Благодаря сердечному согласию между Альфонсом Пуа-тьеским и Людовиком Святым, главным же образом — благодаря умеренности короля, Югу не пришлось сильно пострадать от перемены правительства, и он без сопротивления подчинился северным правителям и учреждениям. Монархия продолжала упрочняться в этой отдаленной стране, руководствуясь интересами порядка и мира. Альфонс ввел в своем уделе администрацию, почти подобную той, какая существовала в королевском домене, и неизменно следовал тем принципам, которыми руководствовался в своей деятельности Людовик Святой. Он ввел в своем государстве ту же систему отчетности, какая господствовала в королевстве, а также институт следователей; он учредил даже для всех своих владений в Центральной и Южной Франции единый парламент, который по компетенции и влиянию стоял значительно выше феодальных судов, какие существовали во всех крупных феодах. Новейшие исследователи, изучавшие административную систему Альфонса Пуатьеского, все без исключения отзываются с большой похвалой о деятельности Людовика Святого и его брата. «В общем, — говорит Молинье, — их правление было так хорошо, как только могло быть правление государя XIII в. В первый раз со времени славного господства Римской империи Юг управлялся разумно.
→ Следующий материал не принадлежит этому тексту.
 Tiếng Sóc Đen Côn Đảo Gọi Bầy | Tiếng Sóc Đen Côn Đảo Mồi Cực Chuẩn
Государь обнаруживает, может быть, слишком непосредственное и слишком активное влияние на ход правительственных дел, но теория королевской прерогативы, как ее позднее формулируют легисты Филиппа Красивого, еще не народилась, и можно сказать, что как Лангедок, так и Франция, были бы счастливы, если бы никогда не знали другого режима».